Tu leche le aporta anticuerpos y otras substancias protectoras mientras continuas lactando, y las familias de niños pequeños amamantados a menudo ven que sus facturas médicas son menores que las de sus vecinos durante los años siguientes. Las madres que han dado a sus hijos una lactancia prolongada tienen un riesgo de desarrollar cáncer de mama todavía menor. Los niños amamantados por mucho tiempo tienden a ser más seguros de sí mismos, y es menos probable que se chupen el dedo o usen objetos de transición (osito, mantita).

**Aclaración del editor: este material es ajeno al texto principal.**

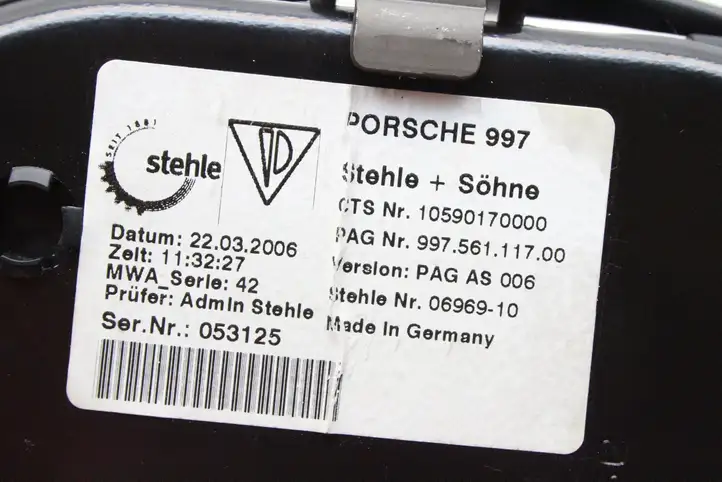 Porsche 997 (2004 - 2012) 99756111700 Замок складной крыши — фото 4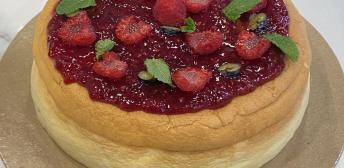 Si eres un amante de las tartas de queso, esta receta es para ti. Miquel Antoja te enseña a preparar un delicioso cotton cheesecake al estilo japonés, una versión mucho más esponjosa, húmeda y aireada, que alimenta con solo mirarla. Es más compleja de hacer que la americana, pero el esfuerzo vale la pena. ¿Te atreves a prepararla?

*Receta cedida por Miquel Guarro, de la pastelería Hofmann (Barcelona).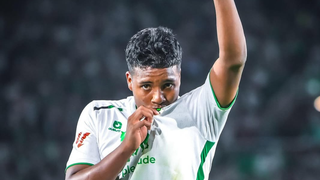 Se muestra interesado en fichar al máximo goleador de Segunda División, Jeremy Arévalo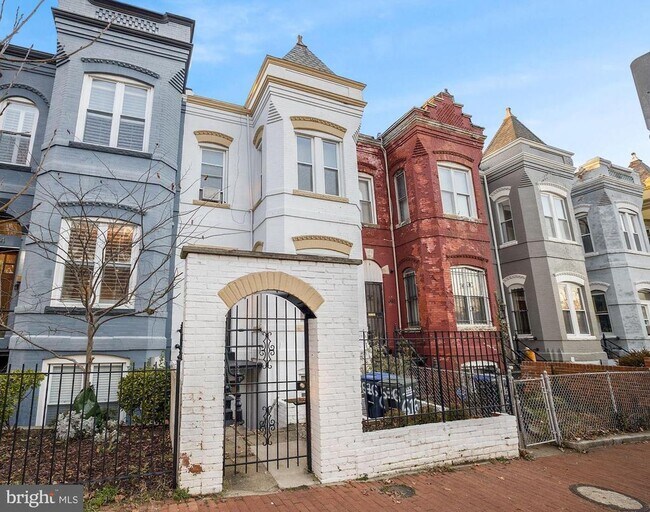 Building Photo - 616 11th St NE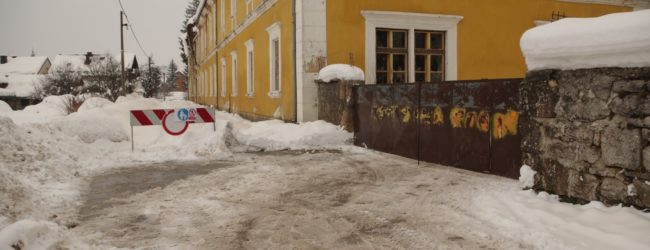 Prilikom zatvaranja vojarne verbalno napadnuti i djelatnici Gacke d.o.o.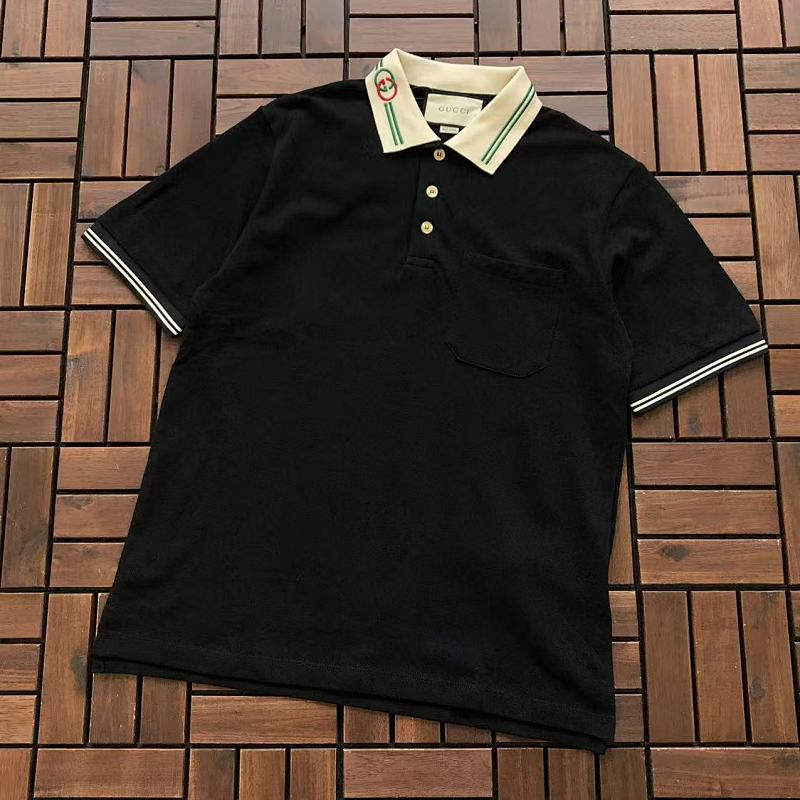 GUCCI T-SHIRT 44120921 (im 176CM 58KG iwear size XS in the photo)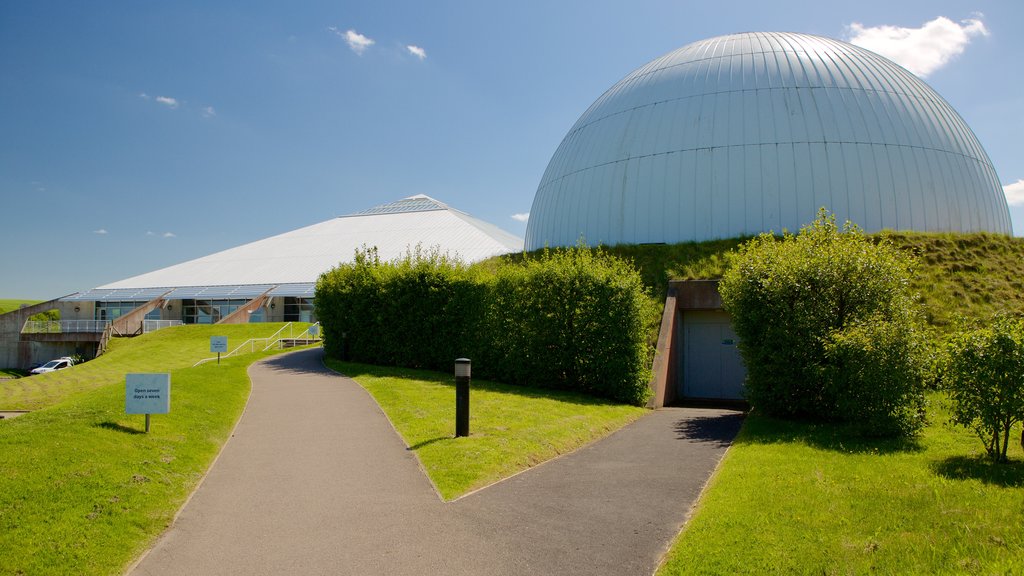 Winchester Science Centre and Planetarium showing an observatory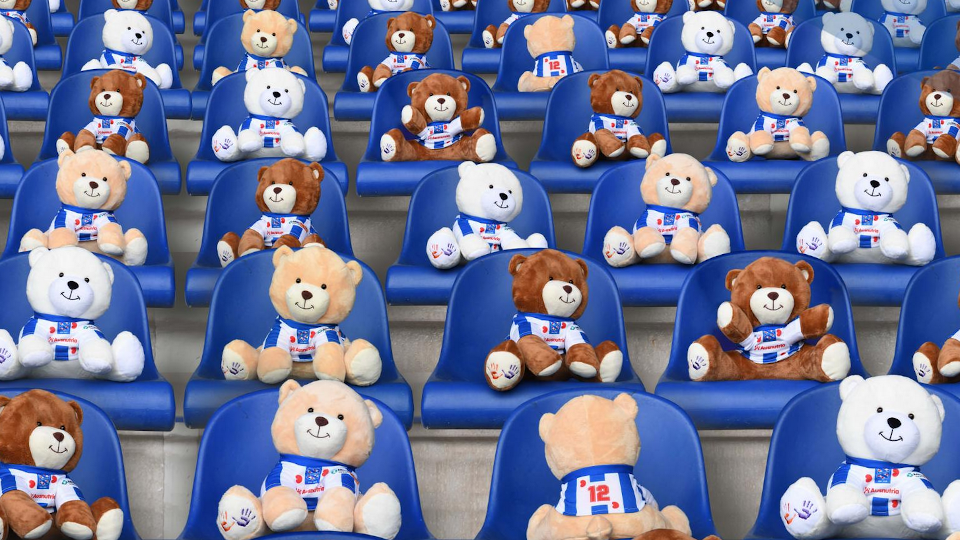 KiKa vult lege Heerenveen-tribunes met knuffelberen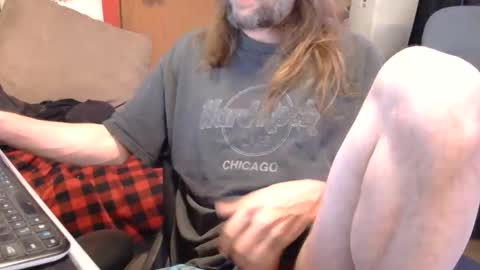 Snapshot of desolation2012 chatting on 11-11-25, 09:09 desolation2012 online show from 11-11-25, 09:09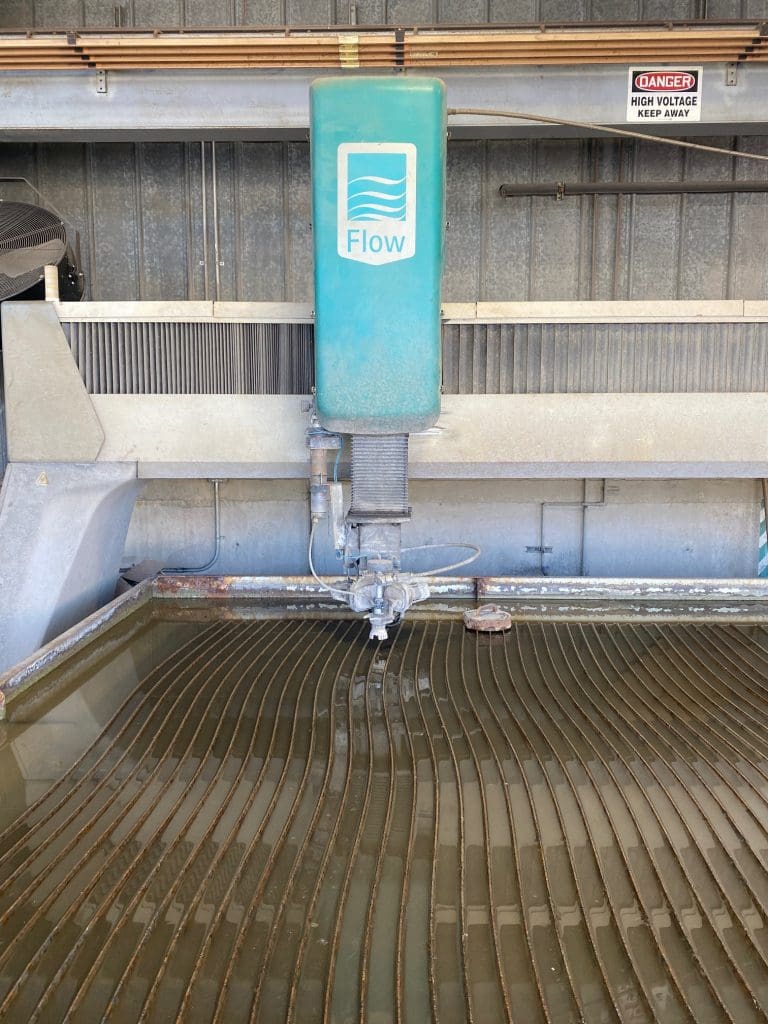 2013 Flow Mach 4 4030c Waterjet, photo 5 of 9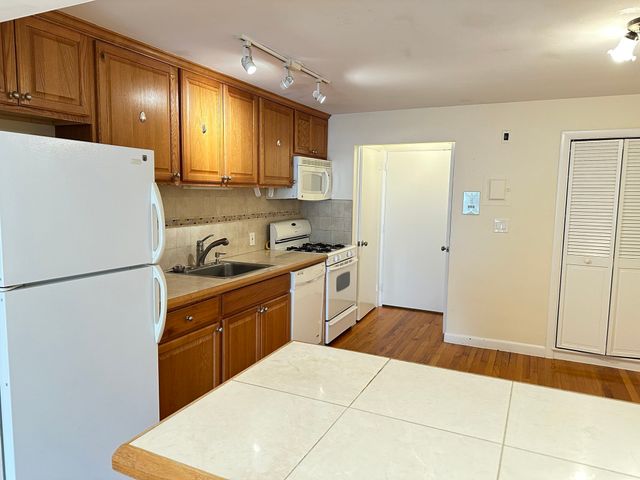 12 Portland St 7, Lynn, MA 01902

La lactancia materna puede ayudaros a superar los llantos, caídas y rabietas que conlleva la primera infancia, y contribuye a que las enfermedades sean más benignas y llevaderas. Es una “herramienta multiusos” que no querrás perder. No te preocupes de si tu hijo querrá mamar toda la vida. Todos los niños dejan de hacerlo algún día, independientemente de lo que tú hagas (y andan por ahí más niños de teta de los que imaginas).
Tanto si amamantas durante un día como si lo haces durante varios años, la decisión de dar el pecho a tu bebé es algo que nunca lamentarás. Y cuando llegue el momento del destete, recuerda que es un gran paso para los dos. Si eliges destetar antes de que tu hijo esté preparado, hazlo gradualmente, y con amor.